Kimi K2.5 is listed under MIT. Trinity-Large-Thinking is listed under Apache 2.0. License labels affect whether you can self-host, redistribute weights, or rely only on hosted APIs, so confirm the upstream license before deployment.

Which is better for reasoning mode, Kimi K2.5 or Trinity-Large-Thinking?

Trinity-Large-Thinking has the clearer documented reasoning mode signal in this comparison. If reasoning mode is mission-critical, validate it against the provider endpoint because model-level support and API-level exposure can differ.

Which is better for function calling, Kimi K2.5 or Trinity-Large-Thinking?

Both Kimi K2.5 and Trinity-Large-Thinking expose function calling. The better choice depends on benchmark fit, context budget, pricing, and whether your provider route exposes the same capability surface. Use this as a quick comparison signal, then confirm the provider-specific limits before committing to production.

Where can I run Kimi K2.5 and Trinity-Large-Thinking?
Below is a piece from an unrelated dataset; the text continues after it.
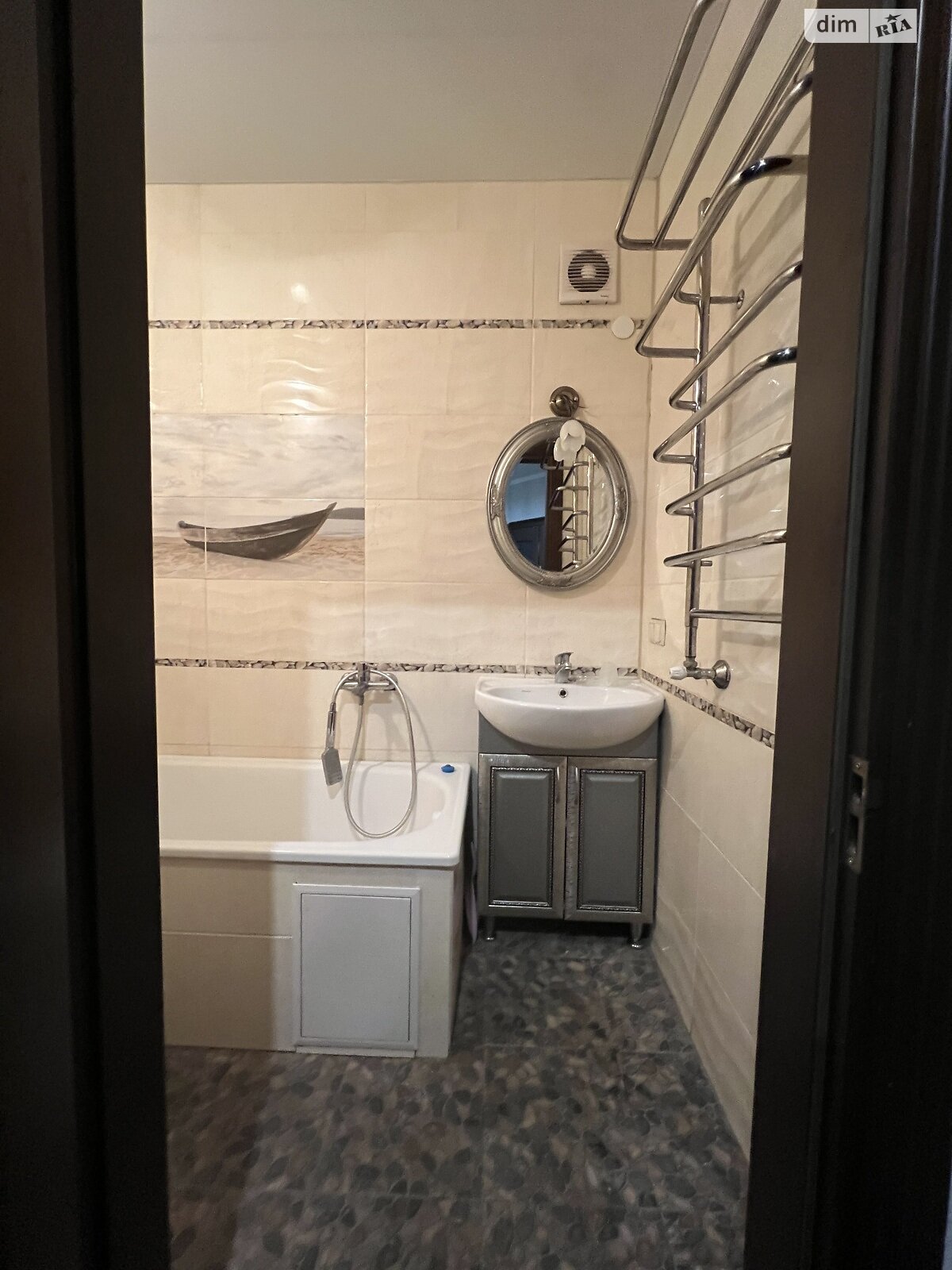 трикімнатна квартира в Вінниці, район Київська, на вул. Київська 29 корпус 3 в довготривалу оренду помісячно фото 1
Kimi K2.5 is available on Fireworks AI, OpenRouter, Together AI, Fireworks AI, and NVIDIA NIM. Trinity-Large-Thinking is available on Arcee AI and OpenRouter. Provider coverage can affect latency, region availability, compliance posture, and fallback options.

Continue comparing

Last reviewed: 2026-04-27. Data sourced from public model cards and provider documentation.